Kathy Gibson is at Mobile World Congress 2022 – Despite the many benefits that technology has brought us, people still don’t really trust it.
That’s according to José María Álvarez-Pallete, chairman and CEO of Telefónica, and a board member of the GSMA, addressing delegates at Mobile World Congress today.
“We live in an era of conflict and our society has lost its optimism,” he says. “It seems to many that climate change is now irreversible and people think digitalisation will cost them their jobs, or impose alien values on them.
“These concerns are despite the immense material progress technology has brought us over the last 200 years,” Alvarez-Pallete adds. “Our lives today are longer, healthier and more comfortable than our grandparents.
“For the first time, the complete obliteration of hunger and poverty could be achieved – and the world is more connected than ever.”
Despite these advances, we are losing faith in ourselves and in the future, he believes.
“This is not arbitrary: there are reasons it is happening,” Alvarez-Pallete says. “The link between material and mythical progress has been blurred. Technology lacks values – it gives us the power to change the world and do more things, but it can be used for good or bad.”
There can be no doubt of the power technology wields, and the fact that this can be used for positive change, he adds.
He argues that the role of the telecommunications sector in the era of superconnectivity will be even more decisive. “We are the gateway to the future. Telecommunications make possible all that is to come. Nothing will happen without us in the digital era.”
But he also emphasises the importance of addressing the needs of operators: “We respect all the players in the new economy. But we also deserve respect. It is impossible to face the new times with the old rules. Our sector is not asking for privileges, just for justice.”
Data traffic is growing by up to 50% annually, so the investment challenge is huge, Álvarez-Pallete says. “The burden of investment needed to handle this increasing volume of traffic should sit fairly with those that impose it.”
Álvarez-Pallete stresses that the digital world needs to be a better one, and that this will require collaboration, co-operation, solidarity, responsibility, sustainability and dignity.
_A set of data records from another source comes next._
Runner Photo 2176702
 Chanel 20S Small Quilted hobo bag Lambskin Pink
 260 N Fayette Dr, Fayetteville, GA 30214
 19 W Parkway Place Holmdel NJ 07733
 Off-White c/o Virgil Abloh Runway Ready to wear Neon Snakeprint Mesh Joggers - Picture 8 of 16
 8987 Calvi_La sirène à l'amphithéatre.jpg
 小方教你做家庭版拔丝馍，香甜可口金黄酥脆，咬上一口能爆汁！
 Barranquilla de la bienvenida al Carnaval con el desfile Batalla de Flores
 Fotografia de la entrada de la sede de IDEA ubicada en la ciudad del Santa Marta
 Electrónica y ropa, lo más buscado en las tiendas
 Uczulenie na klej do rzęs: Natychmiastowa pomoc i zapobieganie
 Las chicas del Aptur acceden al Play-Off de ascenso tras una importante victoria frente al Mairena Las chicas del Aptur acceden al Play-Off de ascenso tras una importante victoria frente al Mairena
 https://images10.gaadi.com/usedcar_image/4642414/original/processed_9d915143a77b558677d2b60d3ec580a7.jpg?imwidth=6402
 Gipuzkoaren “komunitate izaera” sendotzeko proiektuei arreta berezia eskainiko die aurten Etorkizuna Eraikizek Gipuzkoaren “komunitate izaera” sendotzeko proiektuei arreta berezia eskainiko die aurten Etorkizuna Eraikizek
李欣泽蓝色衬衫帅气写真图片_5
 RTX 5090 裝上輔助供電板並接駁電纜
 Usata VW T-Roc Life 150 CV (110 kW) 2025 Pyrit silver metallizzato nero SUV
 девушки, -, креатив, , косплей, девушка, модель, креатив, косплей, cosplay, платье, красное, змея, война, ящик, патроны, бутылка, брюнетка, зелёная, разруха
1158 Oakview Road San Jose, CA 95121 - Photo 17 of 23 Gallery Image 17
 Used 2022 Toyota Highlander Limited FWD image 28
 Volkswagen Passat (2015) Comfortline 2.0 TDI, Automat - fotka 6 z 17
“To deliver a new era of superconnectivity we need a new framework; a new era of hypersector collaboration,” he says.
Álvarez-Pallete proposes a new social contract between science, business and society. “Improvements have always come when we have driven progress. When we have trusted in the future. When our society has felt it owns the advances of the scientific community and the business ecosystem. This is what makes it possible to industrialise knowledge and create new services – when states and companies have worked together.
“By being positive. I am optimistic. Maybe, worried optimistic, but optimistic,” he says.
The fundamental role of the telecommunications sector in defining the new digital era and the world of superconnectivity cannot be overstated, Álvarez-Pallete believes: “The world needs a strong and sustainable telco industry. Nothing that is to come will happen without us. We are the ones who have the capacity and the responsibility to build the infrastructures, the networks of the future.
“We have made, and keep on making, possible all new digital services. We have made, and keep on making, connectivity affordable. We have digitalised and keep on digitalising the world.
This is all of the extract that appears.